You Hate Me. You Really Really Hate Me

Every once in a while, I get a genuine “hate-o-gram” in my email. Somebody, out in the great cosmos of the web, actually sits down, takes the time, constructs a carefully worded letter, telling me “what a bad writer I am,” how boring my weblog is, or how I should just “write normally.” I, usually, read these letters, and mark them for deletion about as quickly as I mark the “enlarge your penis in ten minutes” emails that come my way. It just doesn’t make for interesting reading, there’s nothing I can do about my writing style, and this is “normal” for me. I’ve tried explaining to folks in the past that, “this is just how I write” and it customarily falls upon deaf ears.
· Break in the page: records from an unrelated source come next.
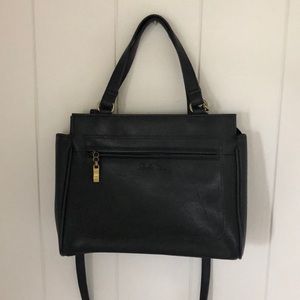 Dolce Vita handbag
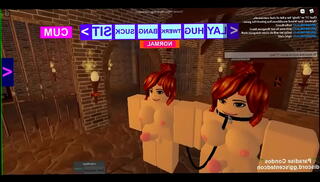 Video 1161096355: futa sex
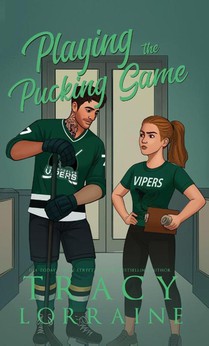 Playing the Pucking Game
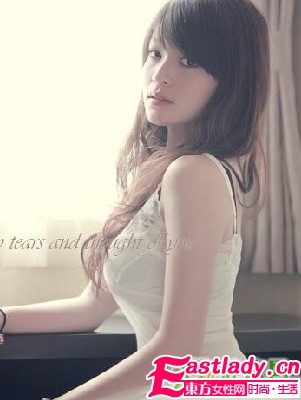 减肥瘦身美体方法大全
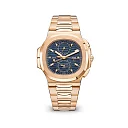 Patek Philippe Nautilus 5990-1R-001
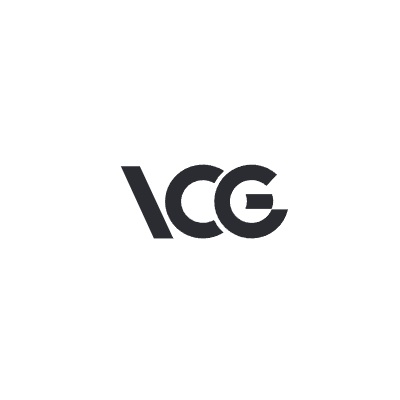 VCG Markets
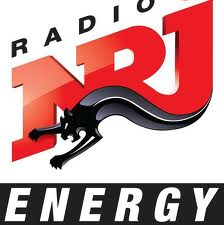 Radio Energy Netradio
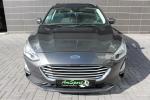 ford-focus-sw-2018-diesel-1499cc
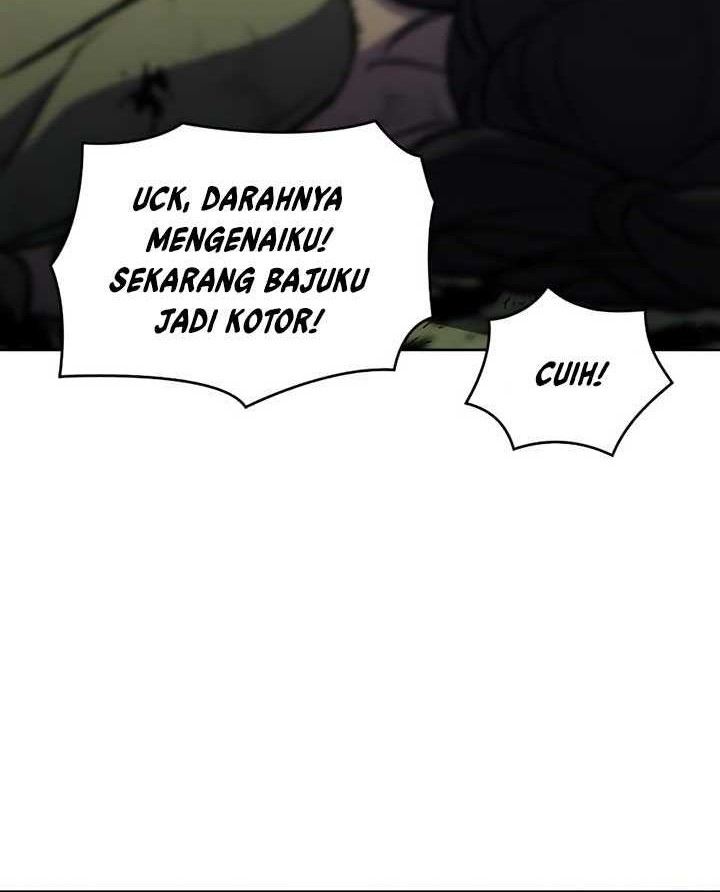Chapter 25 - halaman 72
Since I’m not really a writer, I can’t possibly be considered a “good” writer, can I? Since I update the content on this site only because I want to improve my writing skills, sort of “flex the muscles” if you will, you can’t really expect me to come out with some mind-blowing hysterically funny posting every ten minutes, can you? I mean, if I could do that, I wouldn’t be writing a web-log, I’d be off in the sunset writing best selling novels, Hollywood screenplays, or some other “valid” work. That’s just how the web, specifically the land of the blog, works. It’s cheap, easy, and free but you get what you pay for.

I happened across a website today that talked about the elements that makeup a “good” blog. Now, these elements, while all subjective, don’t belong to me. They were passed off by a “design expert” who, presumably, knows what he’s talking about.

He says the five things that makeup a “good blog” are: candor, urgency, timeliness, pithiness, and controversy. (I don’t think I really even know what some of these things actually mean. I mean, how can you write with “candor” and what exactly is “pithiness?”)

Even if I did the candor, urgent, timely, pithy, controversial blog of the century, I’m convinced that there’d be somebody out there who would take the time to actually sit down and write me an email, “Dude, you sooo need to write like all normal and stuff.”

And I would pay about as much honor and attention to an email that starts off “Dude” as I would to one that starts off “Enlarge your penis” but, hey, that’s just me. What do I know? It’s not like I’m a “design expert” or anything.